What keeps the world’s mining industry going is mineral exploration. To find and define mineral reserves and mineral resources is not just the name of the game but is itself a bit of a game. The trouble is statistically challenged qualified persons infer ore between holes before verifying spatial dependence either within holes or between holes. To infer ore between holes worked miracles when Bre-X drilled holes at a spacing of 50 m up to 200 m. When this geostatistical practice was applied at Bre-X’s Busang property, it didn’t spook the Ontario Securities Commission (OSC) until a few barren holes were twinned. But it really fooled Bre-X’s stakeholders, didn’t it?
Bre-X’s inferred phantom gold resource passed David’s famous pudding test with a parade of red flags flying. Yet, it was an cinch to prove nothing but barren rock between salted holes. Bre-X’s boss salter didn’t even know how to create spatial dependence between ordered sets of bogus gold grades. Not that it would have mattered.

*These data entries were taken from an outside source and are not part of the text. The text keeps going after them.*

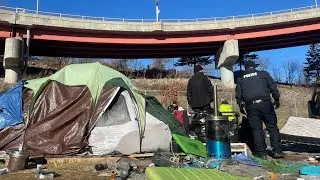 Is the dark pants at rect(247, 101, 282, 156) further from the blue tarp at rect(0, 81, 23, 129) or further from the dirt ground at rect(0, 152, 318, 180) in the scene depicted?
the blue tarp at rect(0, 81, 23, 129)

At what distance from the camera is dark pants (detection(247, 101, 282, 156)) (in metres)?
6.81

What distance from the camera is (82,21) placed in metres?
33.4

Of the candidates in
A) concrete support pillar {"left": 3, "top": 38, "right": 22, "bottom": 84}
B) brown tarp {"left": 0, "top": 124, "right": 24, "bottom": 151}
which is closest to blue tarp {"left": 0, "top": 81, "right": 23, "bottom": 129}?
brown tarp {"left": 0, "top": 124, "right": 24, "bottom": 151}

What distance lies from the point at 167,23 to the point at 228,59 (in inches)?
285

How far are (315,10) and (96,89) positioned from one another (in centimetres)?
3365

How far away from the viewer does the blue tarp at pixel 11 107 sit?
7.83 metres

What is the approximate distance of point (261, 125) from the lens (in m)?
6.93

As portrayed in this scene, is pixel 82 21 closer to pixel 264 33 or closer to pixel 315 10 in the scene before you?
pixel 264 33

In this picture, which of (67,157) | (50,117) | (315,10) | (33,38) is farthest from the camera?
(315,10)

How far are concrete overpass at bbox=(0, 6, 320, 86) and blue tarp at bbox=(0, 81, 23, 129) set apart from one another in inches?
976

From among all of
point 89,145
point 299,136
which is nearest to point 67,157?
point 89,145

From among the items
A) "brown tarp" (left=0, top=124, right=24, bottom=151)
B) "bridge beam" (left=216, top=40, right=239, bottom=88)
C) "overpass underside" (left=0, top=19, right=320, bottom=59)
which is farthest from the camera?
"bridge beam" (left=216, top=40, right=239, bottom=88)

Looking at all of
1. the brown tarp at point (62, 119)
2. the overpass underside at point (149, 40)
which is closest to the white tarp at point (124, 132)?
the brown tarp at point (62, 119)

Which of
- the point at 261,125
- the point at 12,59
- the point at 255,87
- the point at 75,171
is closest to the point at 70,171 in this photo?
the point at 75,171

In 2008 qualified persons still do not know how to verify spatial dependence by applying analysis of variance to the variance of a set and the first variance term of the ordered set. But did they ever know how to infer phantom gold between Busang’s barren holes. The trouble with qualified persons is they don’t want to test for spatial dependence between measured values in ordered sets.
There’s more to the Bre-X salting scam than swindled shareholders were told. The 1998 Interim Report on Setting New Standards doesn’t make an easy read. I was pleased because the Mining Standards Task Force (MSTF) talked about real statistics in ore reserve estimation where surreal geostatistics had ruled supreme since the 1990s. But MSTF’s best-laid plan for real statistics in ore reserve estimation came to naught because the odd geostat guru turned bold again and bounced back after the Bre-X fraud. What replaced the Mining Standards Task Force and its 1998 Interim Report was CIM Standing Committee of Reserve Definitions and its National Instrument 43-101 Standards of Disclosure for Mineral Projects. CIM’s definitions were all about weasel words and window dressing with loads of twists and turns. Some sort of show but don’t tell. It sported as many sound sampling practices and proven statistical methods as the Philosopher’s Stone. And much of it was crafted by the most jaded geostatistical mind West of the Rocky Mountains.
To assume the continuity of mineralization between ordered sets of measured values was all the rage among geostatistically gifted ore reserve practitioners in the early 1990s! I myself like to infer because I grew up with sampling and statistics. To infer has the ring of true statistics in my little world. I know statistical inferences and degrees of freedom belong together like donuts and holes. And I even know why! To assume, krige, smooth and rig the rules of statistics was never an option in my work! What I did do is derive confidence limits for the weighted average grade of each hole. Matheron didn’t derive the variance of the length-weighted average for a set of core samples with variable lengths in 1954. So I derived it in 1994. I always verify spatial dependence between measured values in ordered sets. It doesn’t matter whether core samples vary in length, in density, or in both length and density. Statistics gives confidence limits for metal grades and contents as an intuitive measure for risk. And it gives confidence limits that take into account a significant degree of spatial dependence between measured values in ordered sets. This is why it’s so much fun to work with real statistics but kind of silly to put up with surreal geostatistics.
Mines do not like confidence limits for mineral reserves in annual reports because it’s a promise of sorts to mining investors. When mines ship mineral concentrates or mined ores to other mines or to smelters, they like confidence limits for metal contents and grades as a measure for risk. So what gives? I told John Drury, Chair, CIM Ad Hoc Reserve Definitions Committee and OSC’s mining expert, that ISO Technical Committee 183 derived unbiased confidence limits for metal contents and grades of mineral concentrates and mined ores. Drury didn’t grasp why the very same method does give 95% confidence intervals and ranges for metal contents and grades of mineral reserves. I liked John Drury because he made time to listen to my story. The year was 1994 and Bre-X’s was busy at Busang!
Geostatistically engineered mineral reserves may bode well in annual reports but are bound to shrink when mined. Geostatisticians do not know how to derive unbiased confidence limits for metal contents and grades. Pollsters do report confidence limits for opinion surveys because they work with real variances. Geostatisticians work with pseudo kriging variances and do not get unbiased confidence limits. So what’s the matter with the average geostatistical mind? The quintessence is that Agterberg fumbled the variance of the distance-weighted average first in 1970 and again in 1974. It’s a tale of two fumbles so to speak. What baffles me is that not a single geostatistician has asked Agterberg to explain why his distance-weighted average point grade does not have a variance. When will the world’s mining industry ask that question? When will it be ready to replace Matheron’s statistical madness with sound sampling practices and proven statistical methods?